→ **Data shown**:
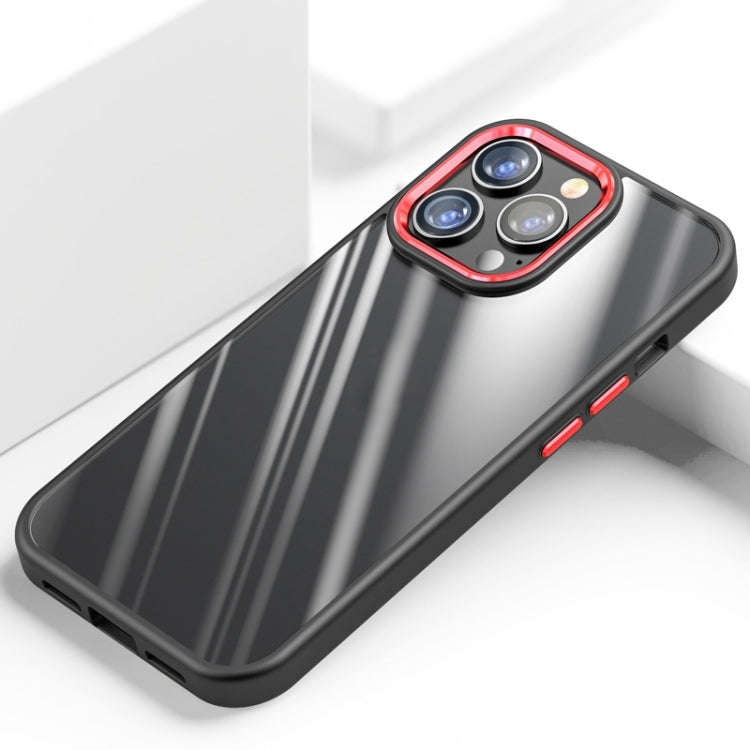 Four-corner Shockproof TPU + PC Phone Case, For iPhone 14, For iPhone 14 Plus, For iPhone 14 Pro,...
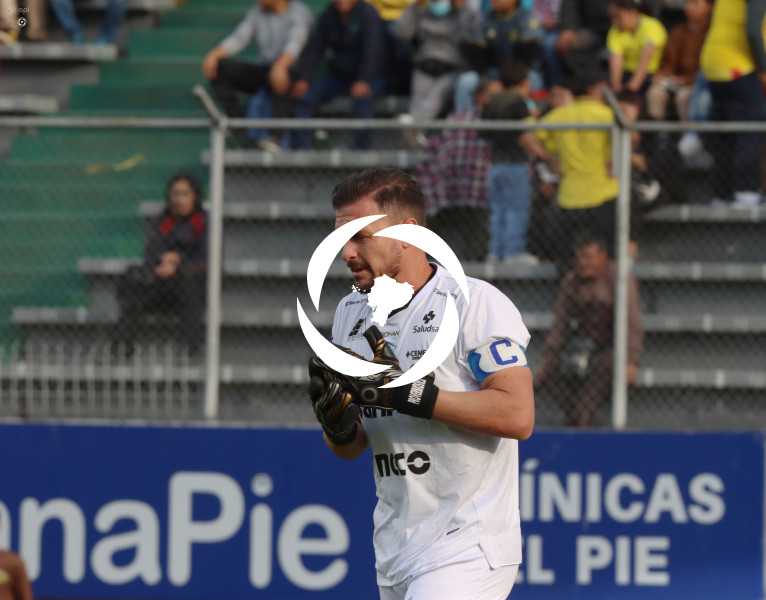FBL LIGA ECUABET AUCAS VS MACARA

---

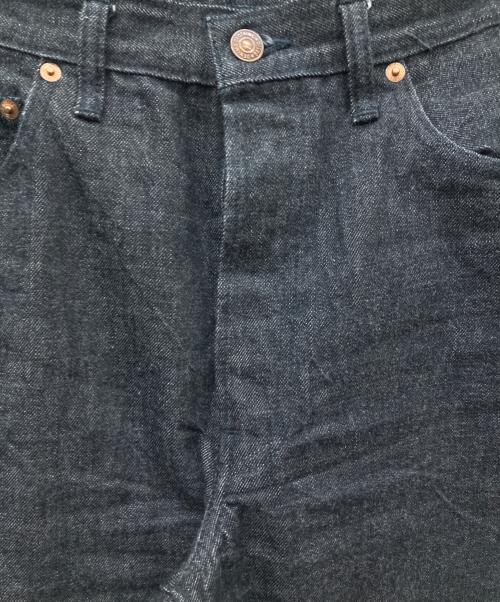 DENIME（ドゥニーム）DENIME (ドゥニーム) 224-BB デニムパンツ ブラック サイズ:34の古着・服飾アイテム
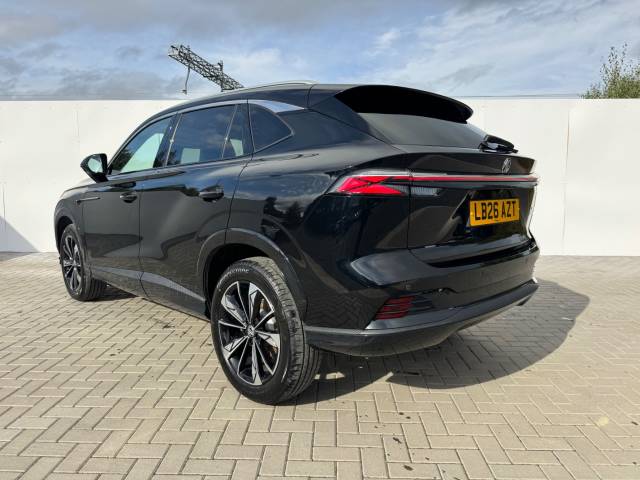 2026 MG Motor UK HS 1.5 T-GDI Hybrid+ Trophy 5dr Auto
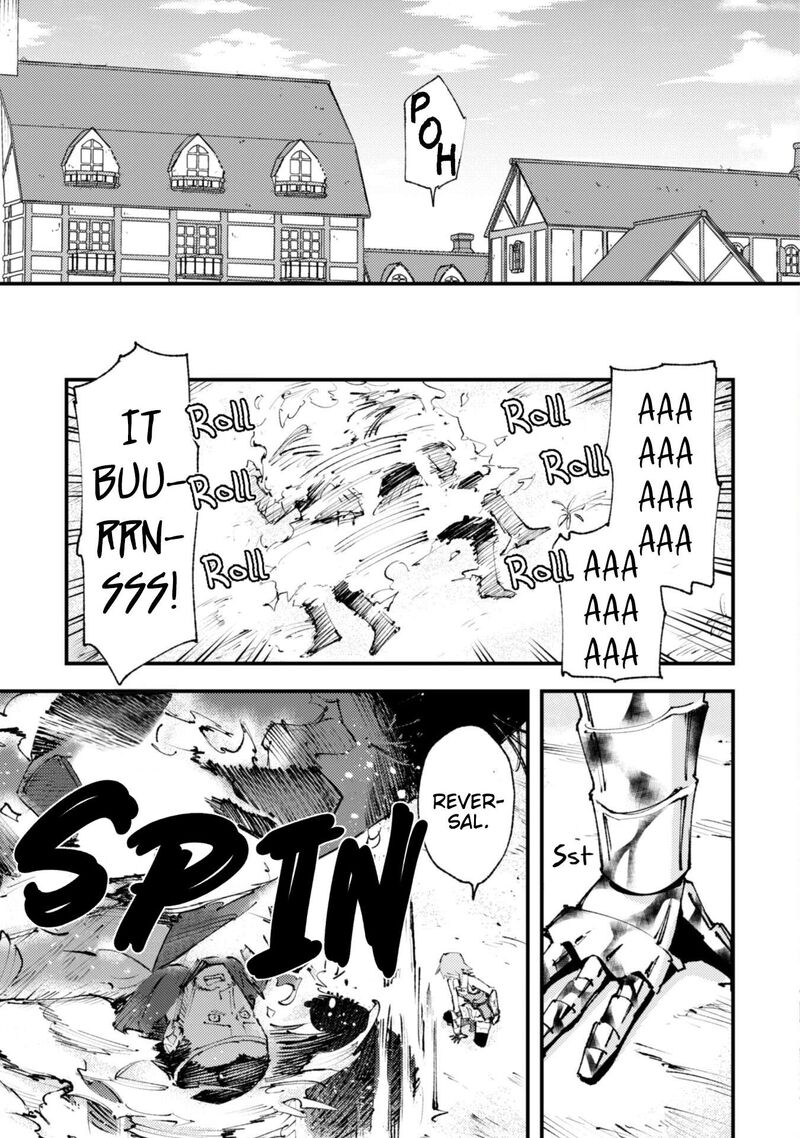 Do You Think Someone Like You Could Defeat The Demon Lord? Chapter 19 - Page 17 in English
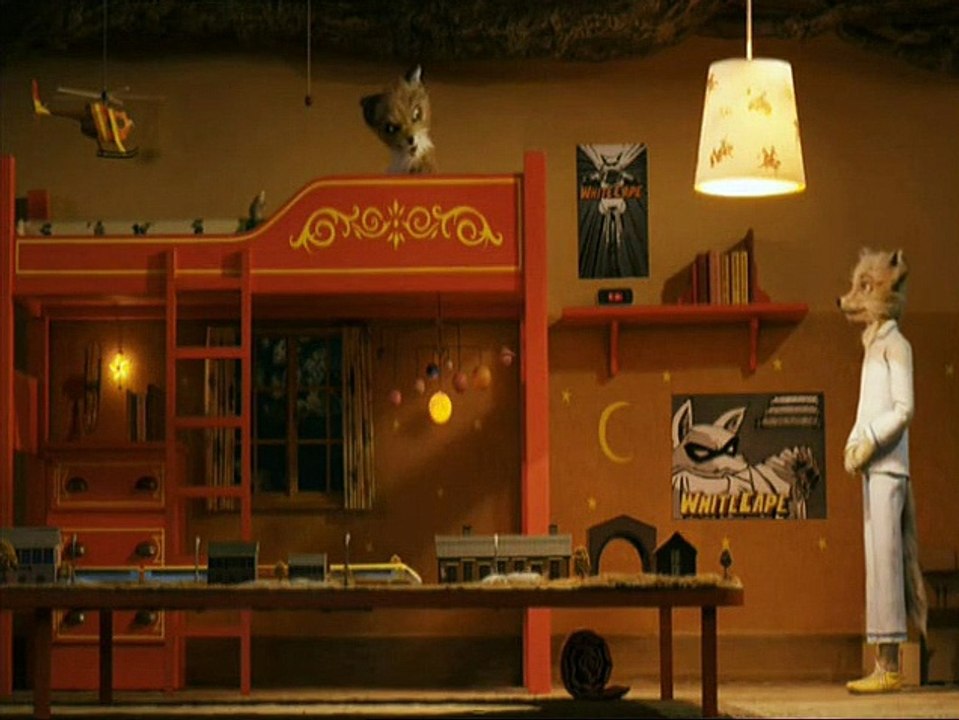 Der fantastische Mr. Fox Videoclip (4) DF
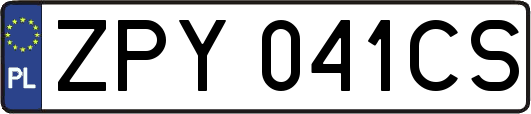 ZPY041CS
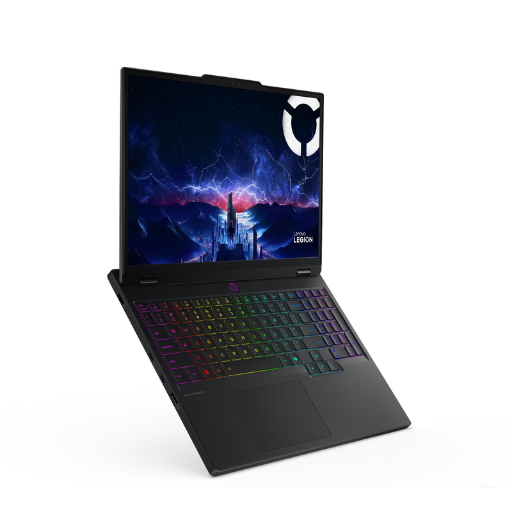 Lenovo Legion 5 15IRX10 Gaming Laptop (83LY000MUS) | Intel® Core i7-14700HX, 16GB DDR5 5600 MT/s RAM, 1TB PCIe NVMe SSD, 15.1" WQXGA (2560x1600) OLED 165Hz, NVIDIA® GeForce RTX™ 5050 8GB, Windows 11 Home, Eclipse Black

* * *

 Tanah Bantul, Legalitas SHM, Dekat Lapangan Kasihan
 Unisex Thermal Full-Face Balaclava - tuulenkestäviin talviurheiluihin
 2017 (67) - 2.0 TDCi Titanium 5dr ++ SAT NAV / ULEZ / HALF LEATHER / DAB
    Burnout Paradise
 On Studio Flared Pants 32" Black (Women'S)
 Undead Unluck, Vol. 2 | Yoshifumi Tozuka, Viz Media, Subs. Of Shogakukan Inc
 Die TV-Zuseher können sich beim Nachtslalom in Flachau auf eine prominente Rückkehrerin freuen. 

→ **Assigned task**:
The lines above from the line with "2026 MG Motor" through the line with "Lenovo Legion 5" are to be given again word for word, with no pictures among them.

→ **Answer box**:
 2026 MG Motor UK HS 1.5 T-GDI Hybrid+ Trophy 5dr Auto
 Do You Think Someone Like You Could Defeat The Demon Lord? Chapter 19 - Page 17 in English
 Der fantastische Mr. Fox Videoclip (4) DF
 ZPY041CS
 Lenovo Legion 5 15IRX10 Gaming Laptop (83LY000MUS) | Intel® Core i7-14700HX, 16GB DDR5 5600 MT/s RAM, 1TB PCIe NVMe SSD, 15.1" WQXGA (2560x1600) OLED 165Hz, NVIDIA® GeForce RTX™ 5050 8GB, Windows 11 Home, Eclipse Black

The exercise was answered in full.